Suriye’de ‘3. Cenevre’ görüşmeleri bugün başlayacak.
Görüşmeler, Esad, İran ve Rusya’nın “PYD’nin de katılması” yönündeki çabalarına Türkiye’nin sert tepkisi üzerine iki gün ertelenmiş, ardından PYD’nin davet edilmemesi ile kriz çözülmüştü.
Perde arkası: PYD’nin katılması için Esad, İran ve Rusya bastırıyordu. ABD de istiyor, ancak Türkiye’nin kararını bekliyordu.
Türkiye, Cumhurbaşkanı ve Başbakan’ın ağzından en üst düzeyde ve ‘net bir mesajla’ PYD’yi ‘veto’ ettiğini açıkladı. Dışişleri Bakanı Mevlüt Çavuşoğlu bu kararlılığı ABD’li, İngiliz ve Fransız mevkidaşlarıyla mekik diplomasisiyle sürdürdü. Pazar günü John Kerry ile 50 dakika görüştü, ardından Laurent Fabius’la. Ortaya hala bir netlik çıkmayınca, iki gün sonra Kerry’i tekrar aradı, ardından yeniden Fabius ve Philip Hammond’la görüştü.
BM temsilcisi Staffan De Mistura’nın davet mektupları bu görüşmelerin ardından geldi.
Türkiye’nin mücadelesinin sonucunu da Fabius açıkladı: “PYD görüşmelere davet edilmedi.”
Türkmenlerin temsili: Muhaliflerin oluşturduğu Müzakere Yüksek Kurulu’ndaki 32 kişi arasında Bayırbucak Türkmenleri komutanlarından Beşar Molla da var.
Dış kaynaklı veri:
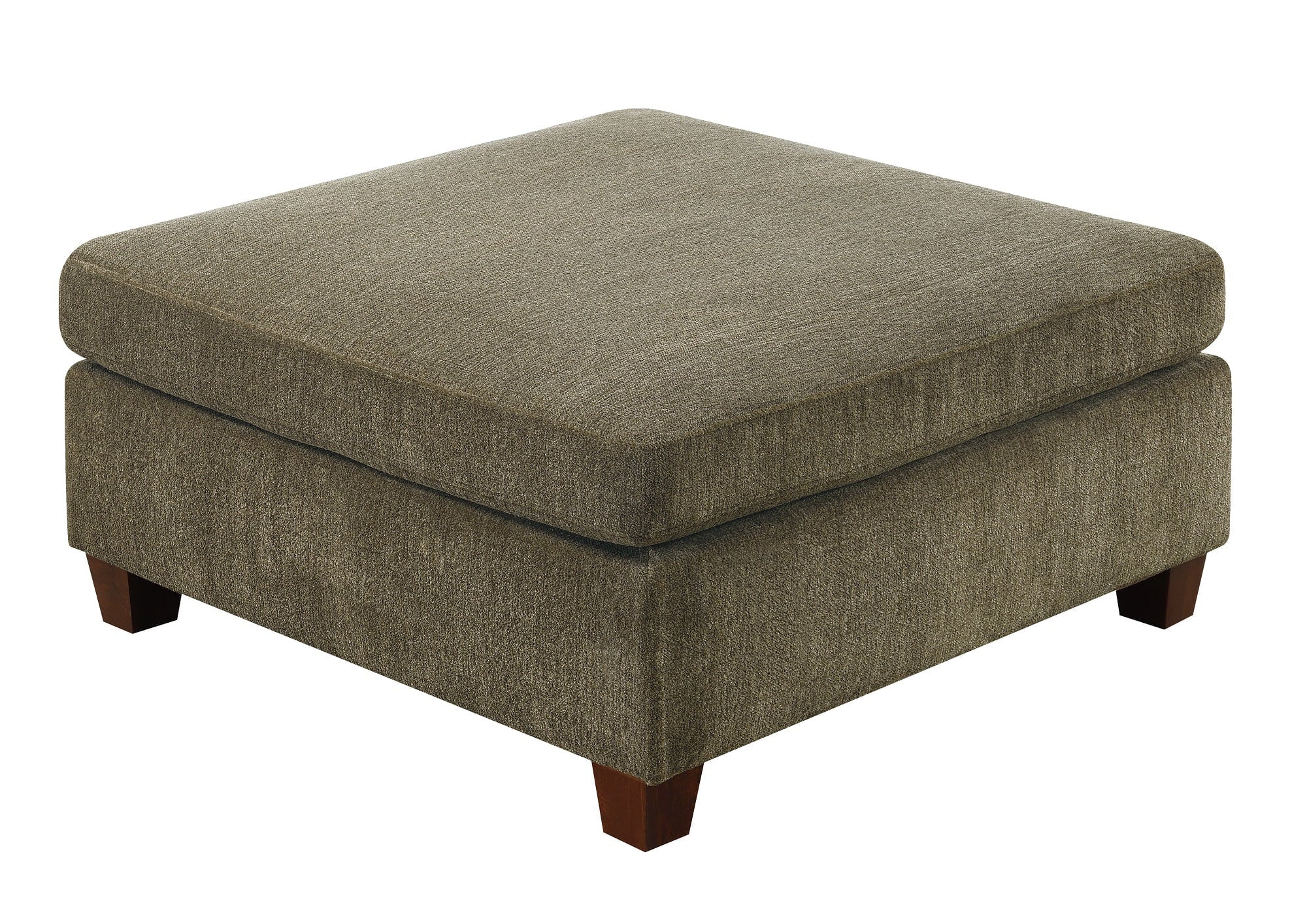 Tan Chenille Fabric Modular Sectional Sofa Set with Ottoman Y394739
Ancak bu heyetten kimlerin Cenevre’ye gideceği düne kadar netleşmedi. İlk toplantıya katılmasa da, devam eden toplantılara Türkmen temsilcilerin katılması mümkün.
PYD dolaylı olarak da yok: De Mistura’nın grup davetlerinde PYD olmadığı gibi, bireysel olarak davet edilen 10 kişi arasında da PYD’li yok. “PYD’nin omurgasını oluşturduğu Suriye Demokratik Güçler Birliği gruplarından Haysem Menna davet edildi; PYD davet edilmiş sayılır” iddiası ise geçersiz. Zira Menna, SDGB bileşeni olarak değil, sadece ‘Vatandaşlık ve Haklar Partisi Başkanı’ olarak davet edildi.